▶ **TASK REQUIREMENTS**: Images should be left out, and everything else in the listing reproduced exactly.

▶ **MATERIAL PROVIDED**:
_ _ _ _ _

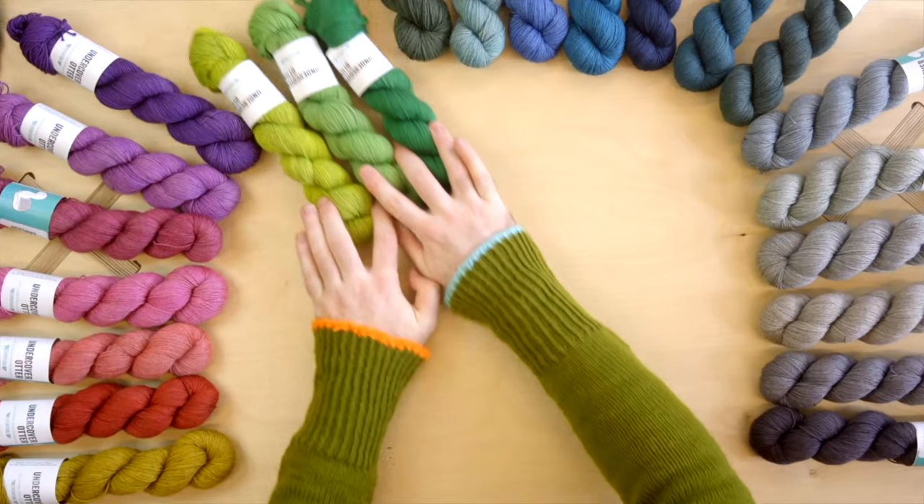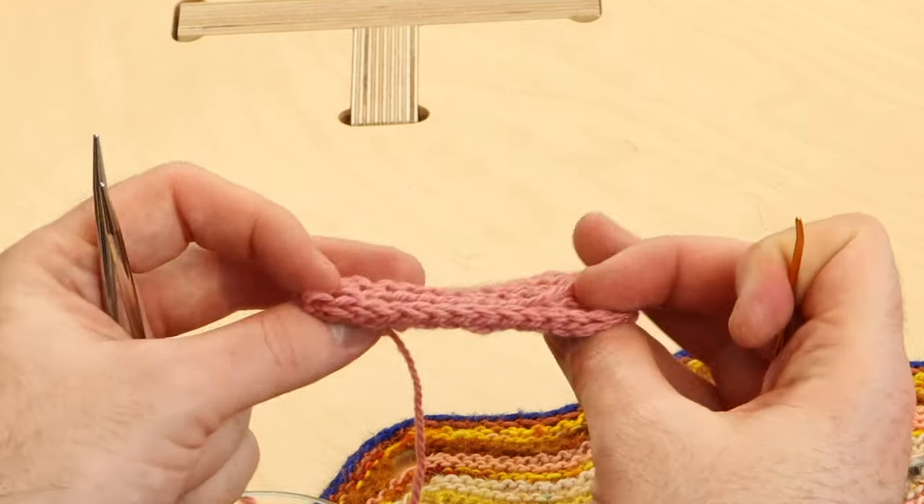Weaving in ends, working with colors, how to bind off — all the basics are right here.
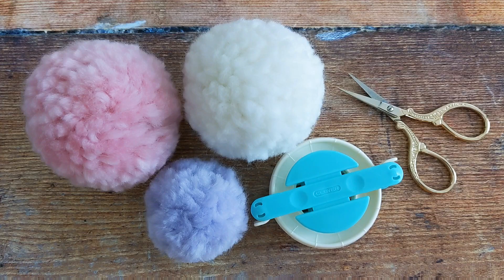Hi everyone, welcome back to my channel, or if you're new, welcome. In today's tutorial I'll show you how to make a pom-pom using the Clover Pom-Pom Maker.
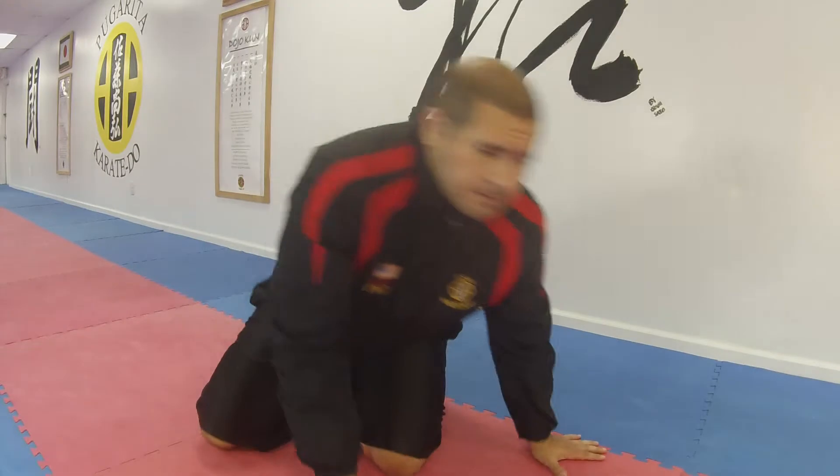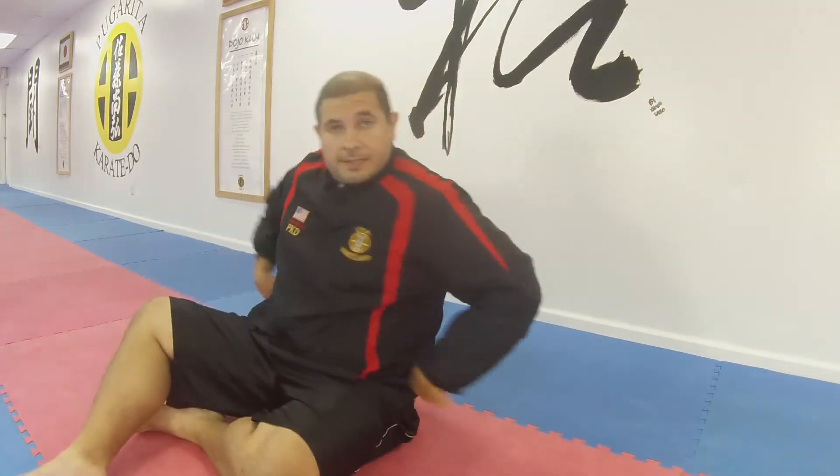Hey guys, Sensei David here. So today we're gonna do a heel-to-heel touch, toe touches — there's different words for these. These are great for your obliques.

_ _ _ _ _

▶ **SOLVED PROBLEM**:
Weaving in ends, working with colors, how to bind off — all the basics are right here.
Hi everyone, welcome back to my channel, or if you're new, welcome. In today's tutorial I'll show you how to make a pom-pom using the Clover Pom-Pom Maker.
Hey guys, Sensei David here. So today we're gonna do a heel-to-heel touch, toe touches — there's different words for these. These are great for your obliques.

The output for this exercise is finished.